**Task instructions:** Your task is to copy exactly the lines from the line containing "Origami Vellen voor" through the end of the listing below, with pictures left out.
┄┄┄┄┄┄
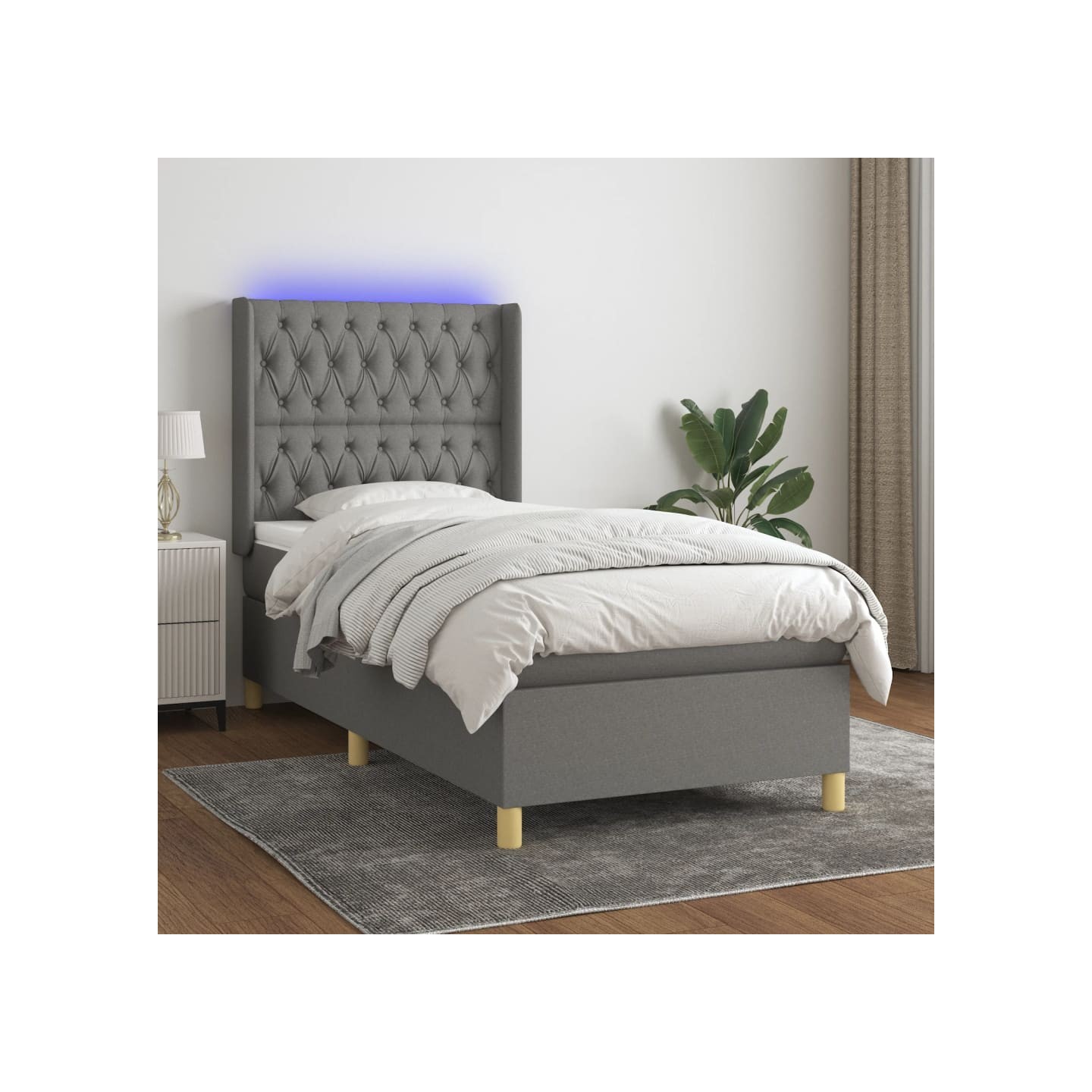 Sommier à lattes de lit matelas LED Gris foncé 90x190cm Tissu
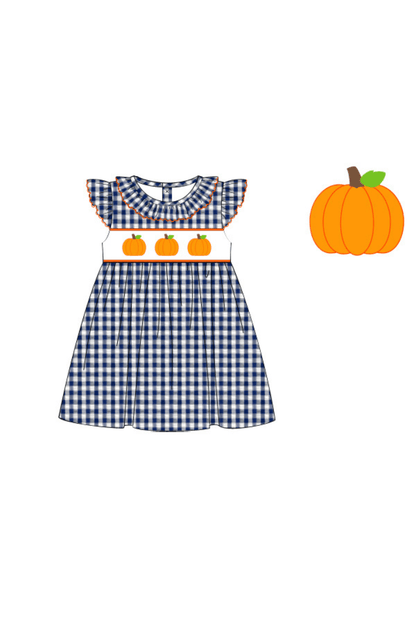 The Smocked Flamingo Apparel & Accessories Pre-Order Smocked Pumpkin Navy Seersucker Dress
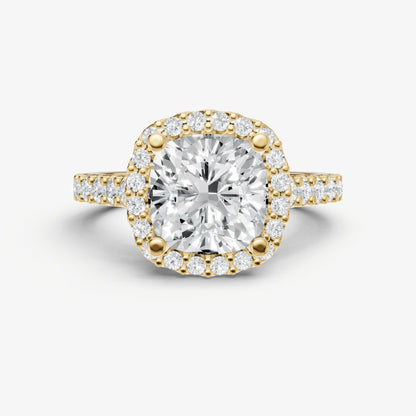 Cushion Halo Solitaire Engagement Ring with Diamond Band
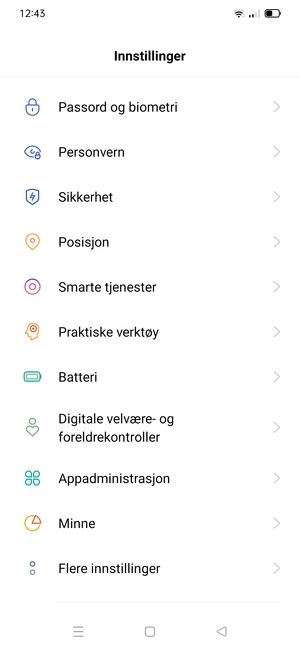For å aktivere skjermlåsen, gå til Innstillinger-menyen og velg Passord og biometri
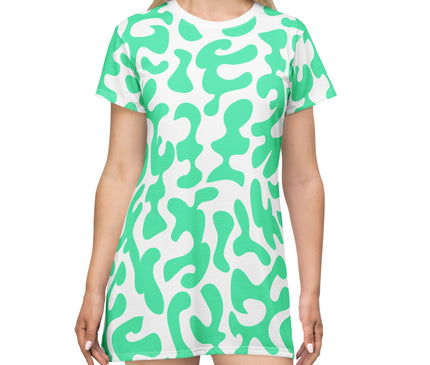 Light Green Abstract Pattern Women's Tee Dress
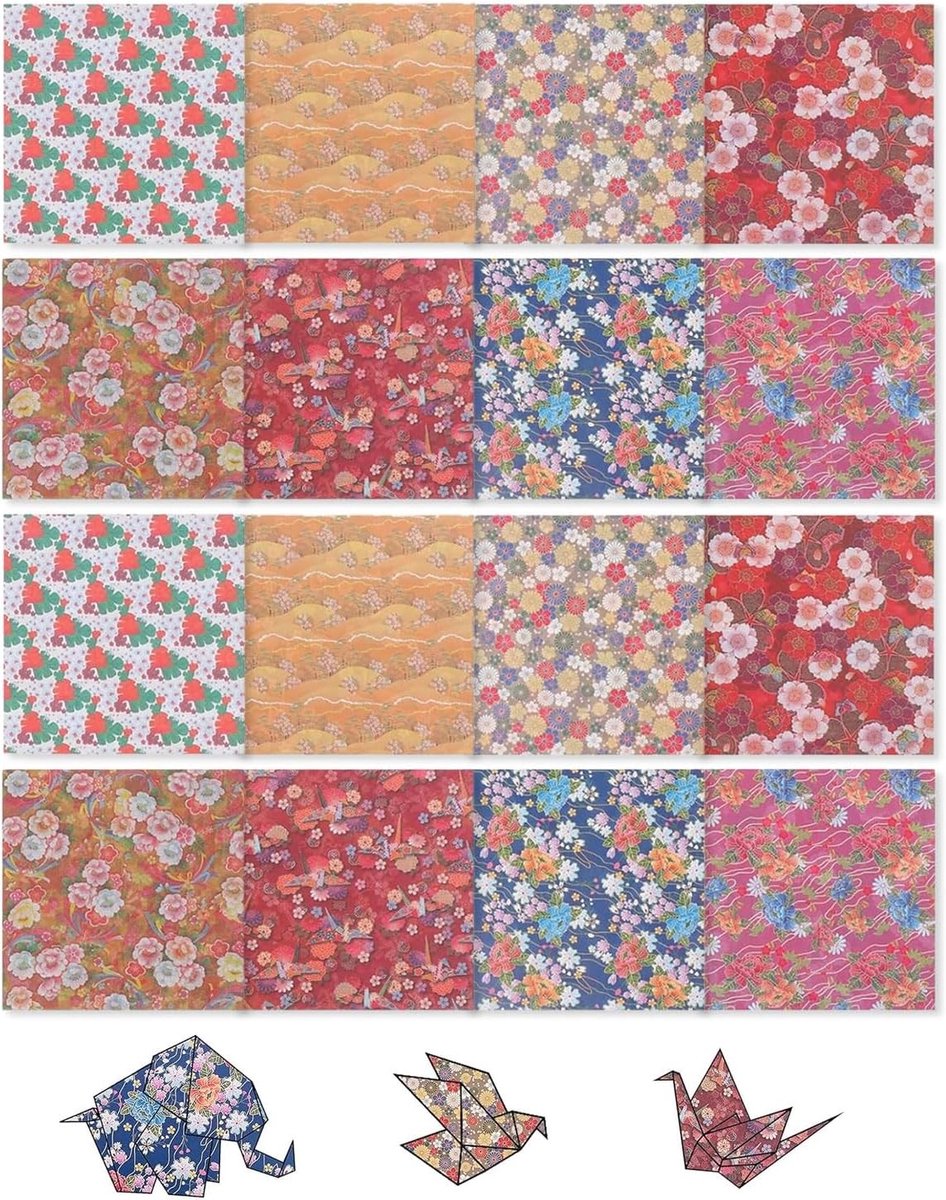 Origami Vellen voor Volwassenen en Kinderen, Dubbelzijdig, 60 Stuks met Diverse Patronen voor DIY Kunst en Knutselprojecten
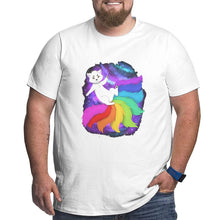 Load image into Gallery viewer, Cartoon Colorful Starry Sky Fox Big Size Men's T-shirt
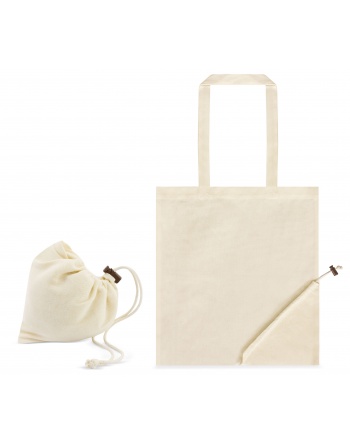 Bolsa plegable algodón orgánico natural asa larga Personalizable 115g 38x42cm Bolsa plegable algodón orgánico natural asa larga Personalizable 115g 38x42cm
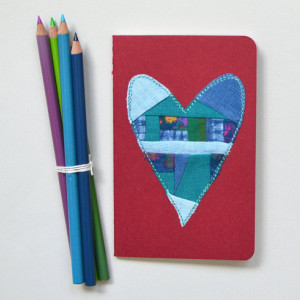 Patchwork heart notebook -- small red Moleskine journal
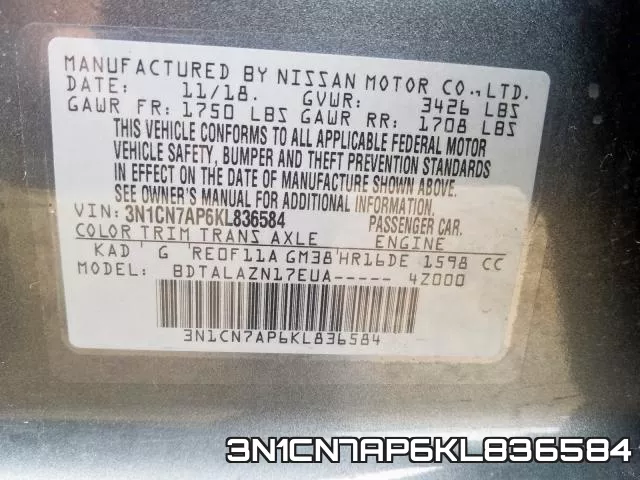 3N1CN7AP6KL836584 фото 2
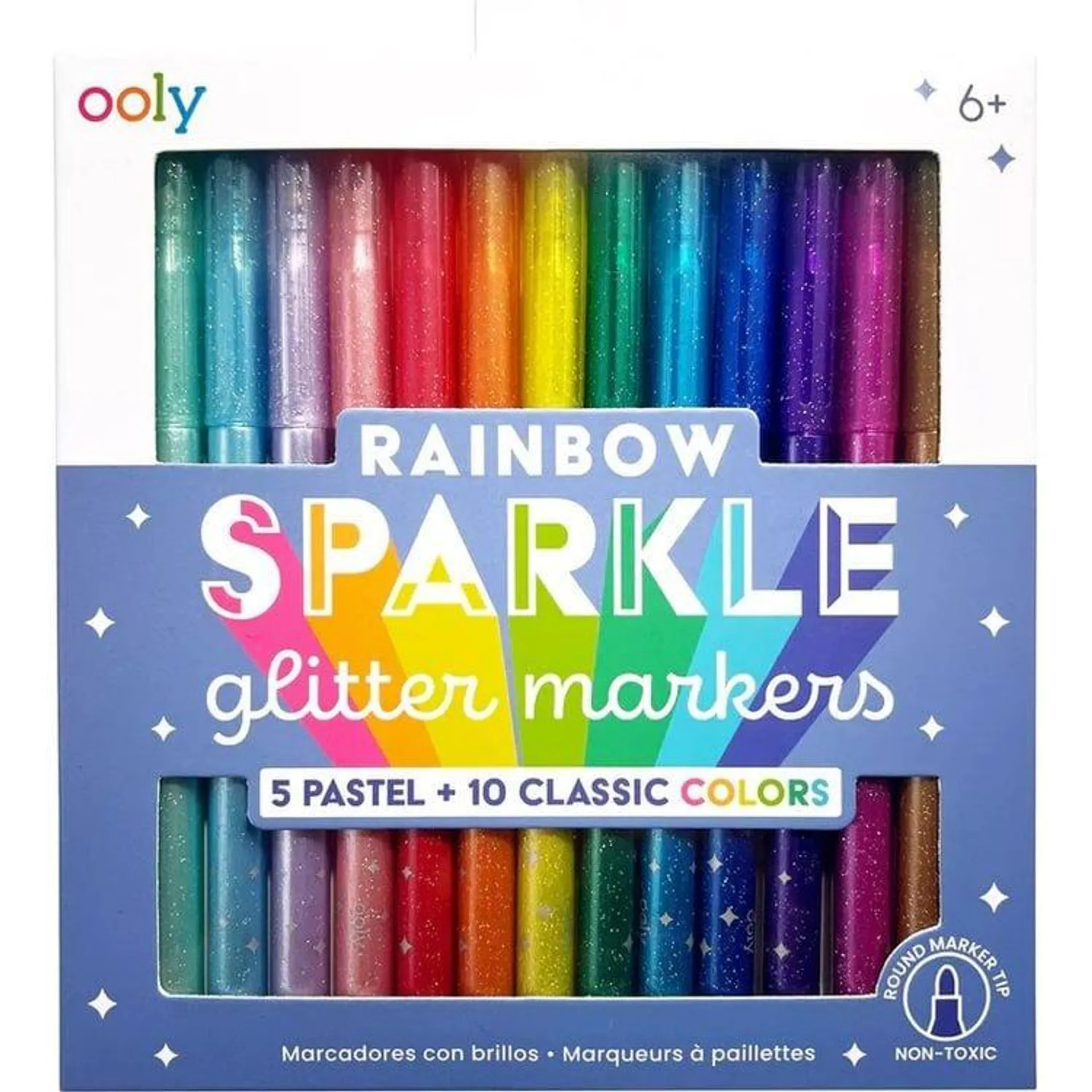 Rainbow Sparkle Glitter Markers - Set of 15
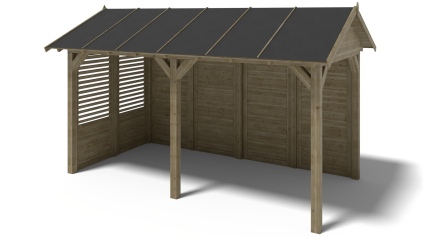 Pérgola de jardín 5x3.06 m con paneles - Impregnada
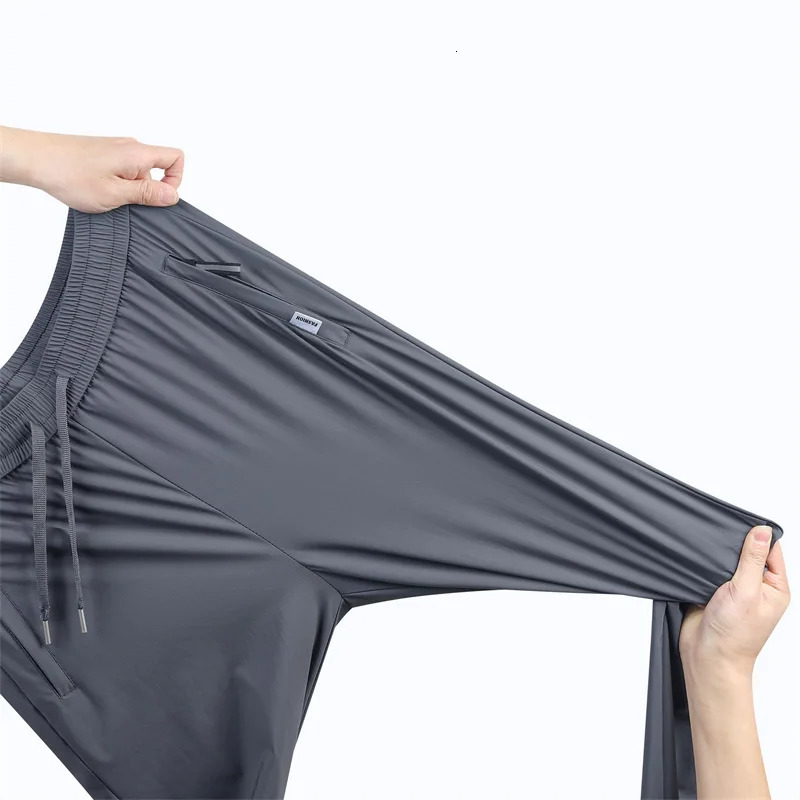 UPF50mens straight ice silk pants summer quick drying elastic loose oversized track 250320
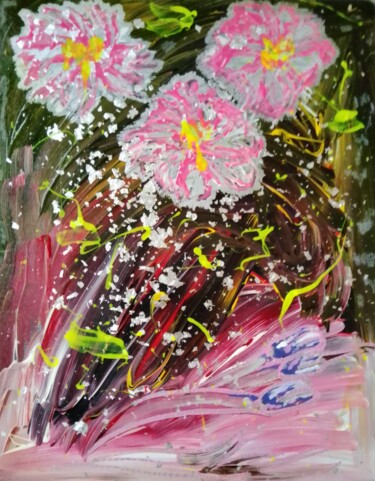 Schilderij getiteld "Abstract Flowers" door Eli Tin Art, Origineel Kunstwerk, Acryl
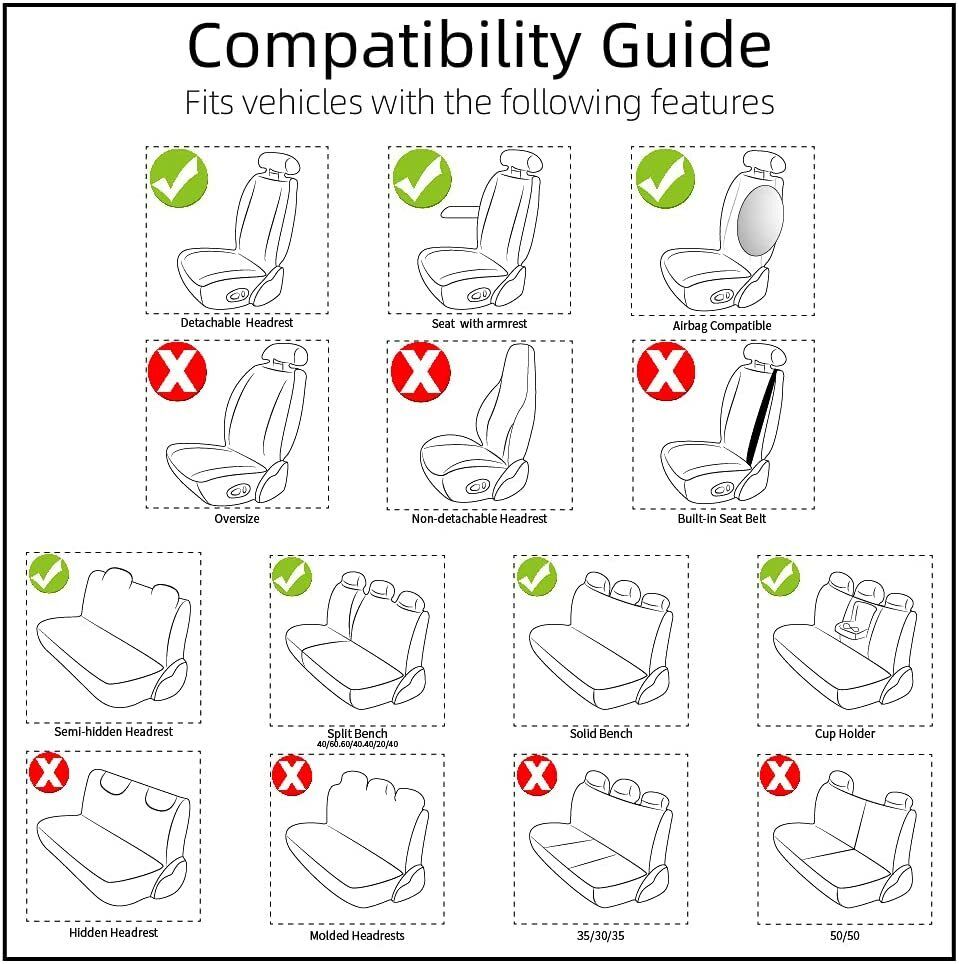 [10% off Your First Order]-Universal Leather Car Seat Covers 5 Seat Airbag Compatible, Nappa Leather Water Resistant Automotive Accessories for Suvs Seden Pick-up Truck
┄┄┄┄┄┄
**Output of the task:**
 Origami Vellen voor Volwassenen en Kinderen, Dubbelzijdig, 60 Stuks met Diverse Patronen voor DIY Kunst en Knutselprojecten
 Load image into Gallery viewer, Cartoon Colorful Starry Sky Fox Big Size Men's T-shirt
 Bolsa plegable algodón orgánico natural asa larga Personalizable 115g 38x42cm Bolsa plegable algodón orgánico natural asa larga Personalizable 115g 38x42cm
 Patchwork heart notebook -- small red Moleskine journal
 3N1CN7AP6KL836584 фото 2
 Rainbow Sparkle Glitter Markers - Set of 15
 Pérgola de jardín 5x3.06 m con paneles - Impregnada
 UPF50mens straight ice silk pants summer quick drying elastic loose oversized track 250320
 Schilderij getiteld "Abstract Flowers" door Eli Tin Art, Origineel Kunstwerk, Acryl
 [10% off Your First Order]-Universal Leather Car Seat Covers 5 Seat Airbag Compatible, Nappa Leather Water Resistant Automotive Accessories for Suvs Seden Pick-up Truck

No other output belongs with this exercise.